* [What the task requires]: Every line from the one containing "Barn Geggamoja Jackor<Vindjacka" to the one containing "Two Vintage Wooden Canoe Paddles" in the records below, both included, must be set down exactly, and no other line.

* [The data]:
------------------------------------------------

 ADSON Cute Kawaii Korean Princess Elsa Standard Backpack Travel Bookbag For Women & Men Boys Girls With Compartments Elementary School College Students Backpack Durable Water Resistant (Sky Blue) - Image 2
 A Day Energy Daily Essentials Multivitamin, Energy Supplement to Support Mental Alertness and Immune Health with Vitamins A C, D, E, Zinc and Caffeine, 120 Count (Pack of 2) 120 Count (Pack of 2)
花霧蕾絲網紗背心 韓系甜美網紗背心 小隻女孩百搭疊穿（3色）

------------------------------------------------

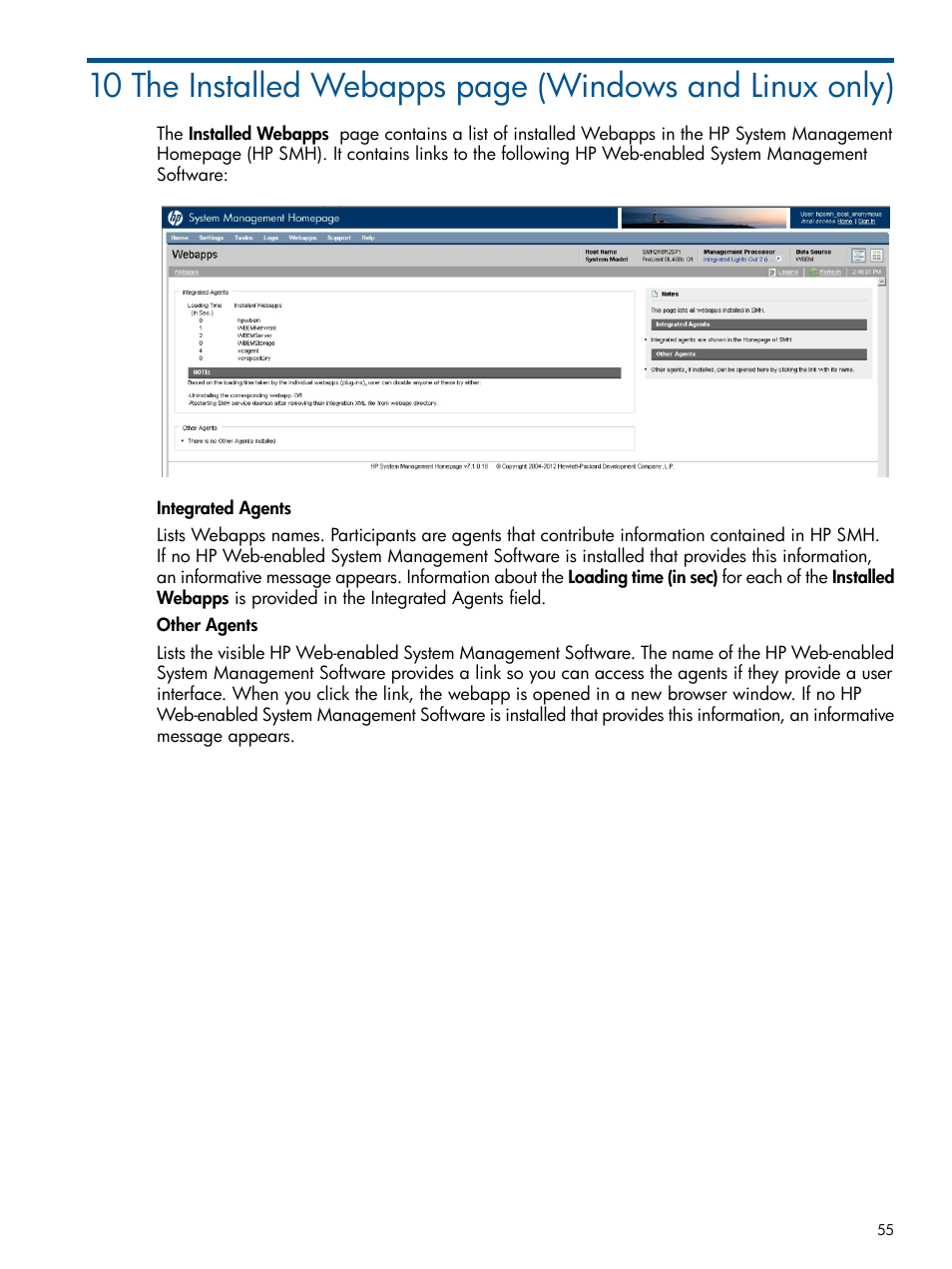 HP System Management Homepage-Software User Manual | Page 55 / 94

------------------------------------------------

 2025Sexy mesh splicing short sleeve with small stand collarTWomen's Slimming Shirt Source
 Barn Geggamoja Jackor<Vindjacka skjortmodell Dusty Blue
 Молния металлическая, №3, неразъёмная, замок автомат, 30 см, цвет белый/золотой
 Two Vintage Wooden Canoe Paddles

------------------------------------------------

* [Output of the exercise]:
 Barn Geggamoja Jackor<Vindjacka skjortmodell Dusty Blue
 Молния металлическая, №3, неразъёмная, замок автомат, 30 см, цвет белый/золотой
 Two Vintage Wooden Canoe Paddles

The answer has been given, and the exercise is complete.